# What this task involves
Give back the lines of the entries below exactly as written, from the first line to the line holding "7515 Rainlilly Cove - Photo 2 of 10", both included, with the pictures omitted.

# Input material
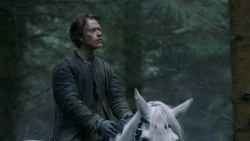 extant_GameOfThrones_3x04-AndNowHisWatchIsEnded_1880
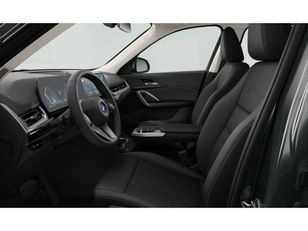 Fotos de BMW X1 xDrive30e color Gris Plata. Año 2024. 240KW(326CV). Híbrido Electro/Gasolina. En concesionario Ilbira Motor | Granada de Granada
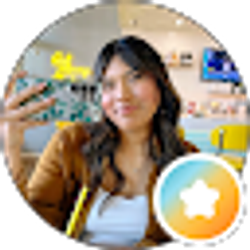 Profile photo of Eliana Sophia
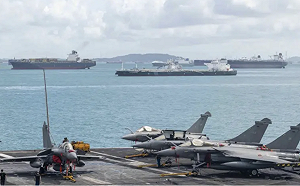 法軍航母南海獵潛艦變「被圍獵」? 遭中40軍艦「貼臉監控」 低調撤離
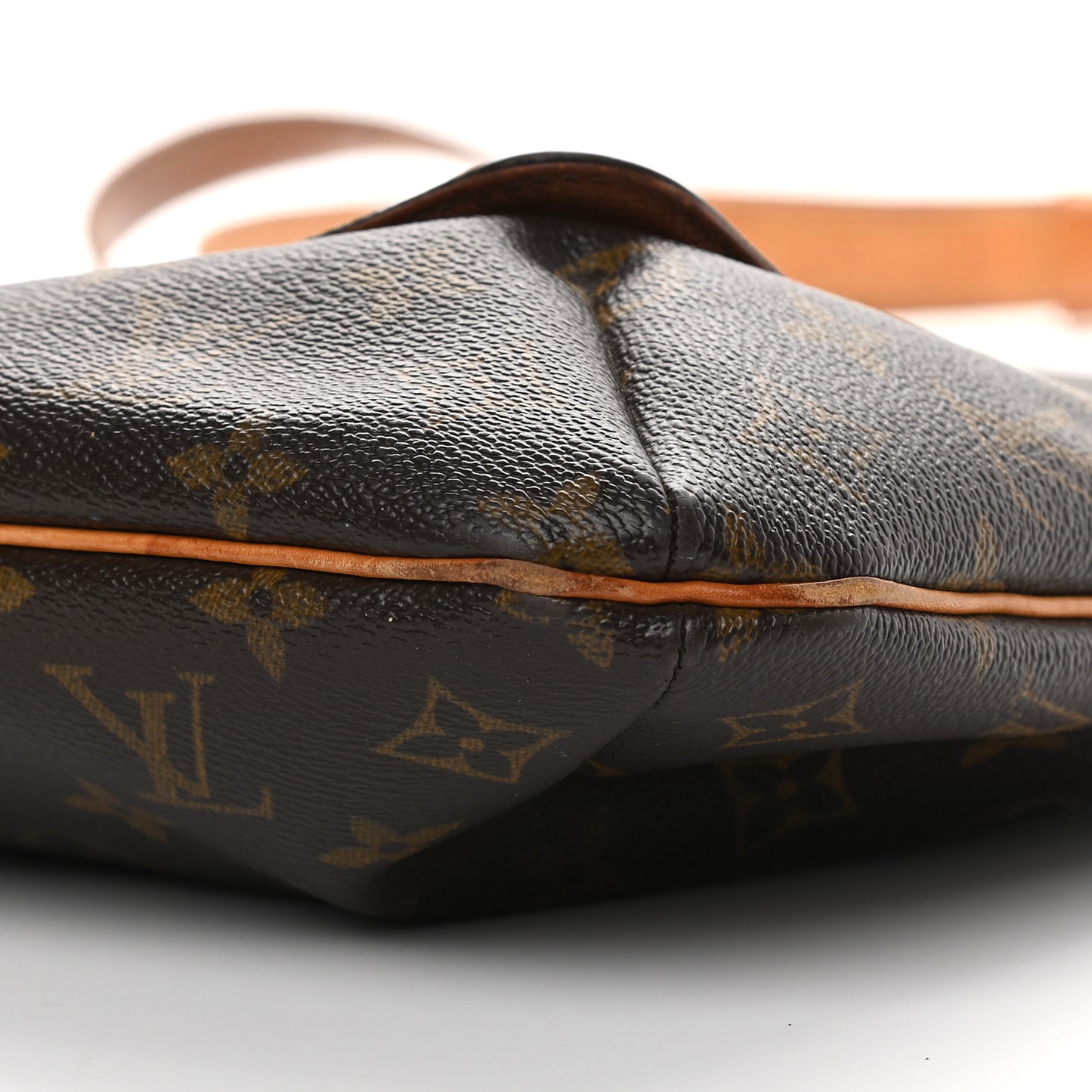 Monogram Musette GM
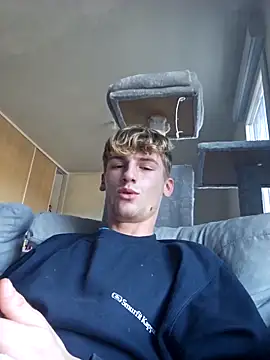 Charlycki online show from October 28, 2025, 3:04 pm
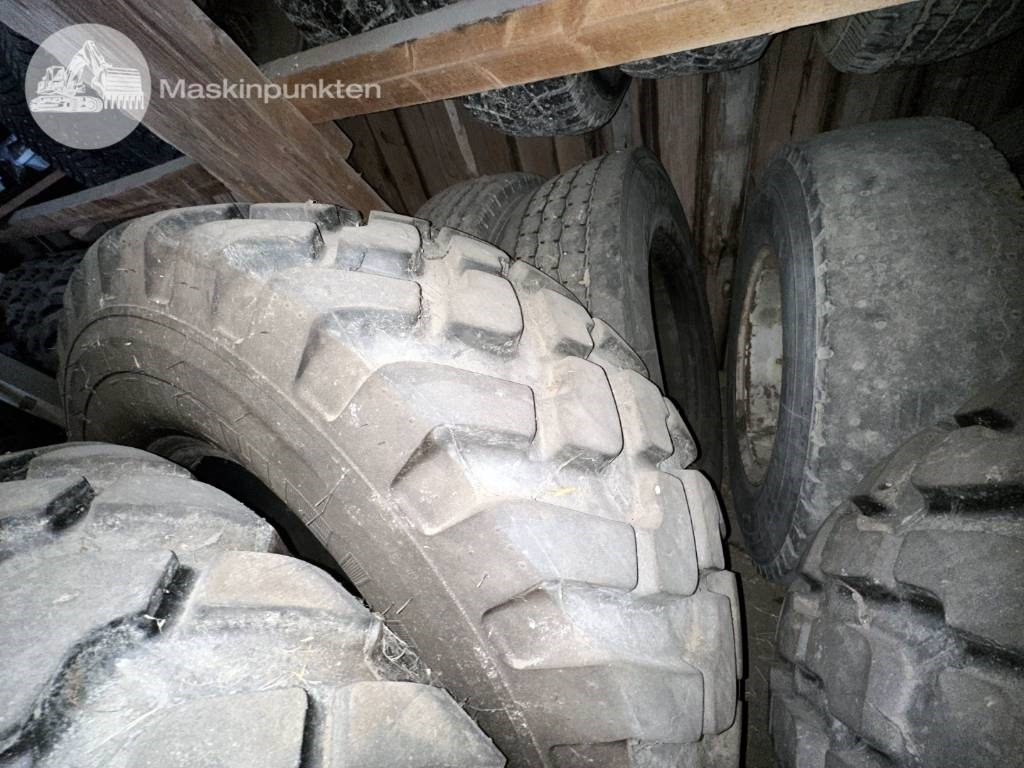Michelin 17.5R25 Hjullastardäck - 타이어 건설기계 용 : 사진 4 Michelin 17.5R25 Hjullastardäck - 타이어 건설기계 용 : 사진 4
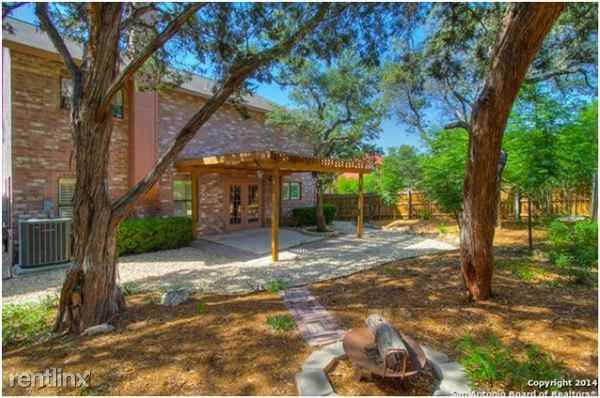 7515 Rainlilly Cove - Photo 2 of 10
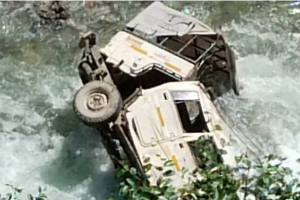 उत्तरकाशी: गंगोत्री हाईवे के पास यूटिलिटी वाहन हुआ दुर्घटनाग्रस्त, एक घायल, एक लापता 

# Answer section
 extant_GameOfThrones_3x04-AndNowHisWatchIsEnded_1880
 Fotos de BMW X1 xDrive30e color Gris Plata. Año 2024. 240KW(326CV). Híbrido Electro/Gasolina. En concesionario Ilbira Motor | Granada de Granada
 Profile photo of Eliana Sophia
 法軍航母南海獵潛艦變「被圍獵」? 遭中40軍艦「貼臉監控」 低調撤離
 Monogram Musette GM
 Charlycki online show from October 28, 2025, 3:04 pm
Michelin 17.5R25 Hjullastardäck - 타이어 건설기계 용 : 사진 4 Michelin 17.5R25 Hjullastardäck - 타이어 건설기계 용 : 사진 4
 7515 Rainlilly Cove - Photo 2 of 10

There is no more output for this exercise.